Początek roku 2017 w świecie modowym to roszady jakich chyba jeszcze nie było. Trzeba przyznać, że Riccardo Tisci rezygnujący z Givenchy, a następnie (wg plotek) przyjmujący stanowisko w Versace to mocny początek roku. Okazuje się, że to dopiero początek wielkich tąpnięć na rynku. Dziś w sieci pojawiły się informacje, że LVMH – luksusowy konglomerat, który jest właścicielem Louis Vuitton wykupiło Supreme, legendarną streetwearową markę z Nowego Jorku i to za bagatela 500 000 000 dolarów (słownie pięćset milionów dolarów).
Obie te strony spotkały się niedawno przy okazji największej kolaboracji roku, której już opisywaliśmy jakiś czas temu. Plotki mówią, że LVMH właśnie włączyło największą streetwearową markę do swojego portfolio, gdzie widzimy jeszcze takie ikony jak Dior, Fendi, Givenchy czy KENZO.

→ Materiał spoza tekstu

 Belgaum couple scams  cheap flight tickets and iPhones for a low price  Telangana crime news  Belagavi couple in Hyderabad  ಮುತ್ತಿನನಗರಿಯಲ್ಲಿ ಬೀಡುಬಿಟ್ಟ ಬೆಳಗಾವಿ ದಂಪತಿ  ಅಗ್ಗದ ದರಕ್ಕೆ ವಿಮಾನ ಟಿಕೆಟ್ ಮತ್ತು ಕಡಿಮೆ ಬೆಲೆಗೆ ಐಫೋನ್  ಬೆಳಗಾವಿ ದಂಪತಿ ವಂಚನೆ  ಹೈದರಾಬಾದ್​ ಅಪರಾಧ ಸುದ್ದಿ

Na chwilę obecną to tylko plotki i to mocne. No, ale co jeśli to prawda? Co z buntowniczym podejściem brandu z Wielkiego Jabłka? Co z limitowanymi kolekcjami i twardą polityką dystrybucji i ograniczoną do minimum liczbą sklepów na całym świecie? Zapewne to plotki by tylko podkręcić hype na wyżej wspomnianą kolaborację, czas pokaże co z tego wyjdzie.